**** Records shown
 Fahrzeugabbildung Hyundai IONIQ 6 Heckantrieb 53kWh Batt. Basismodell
********
**** Records shown
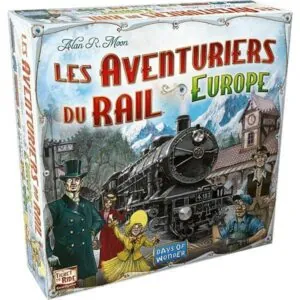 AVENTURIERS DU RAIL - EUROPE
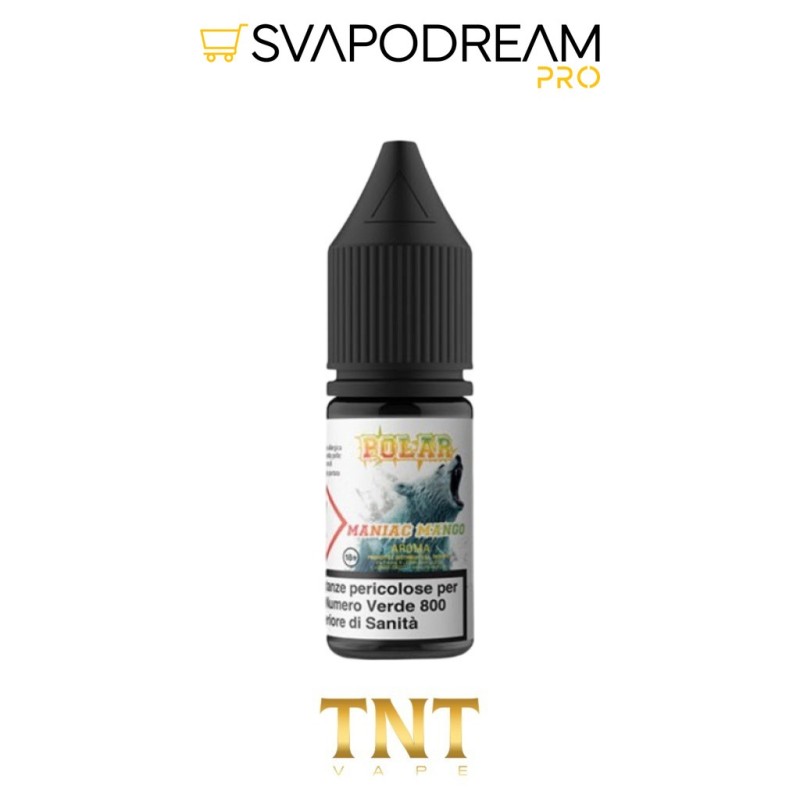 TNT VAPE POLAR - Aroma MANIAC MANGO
********
Assignment:
Once the line with "AVENTURIERS DU RAIL - EUROPE" has been found above, output that line and every later line exactly, stopping after the line with "TNT VAPE POLAR - Aroma MANIAC MANGO", and omit the pictures.

Output of the exercise:
 AVENTURIERS DU RAIL - EUROPE
 TNT VAPE POLAR - Aroma MANIAC MANGO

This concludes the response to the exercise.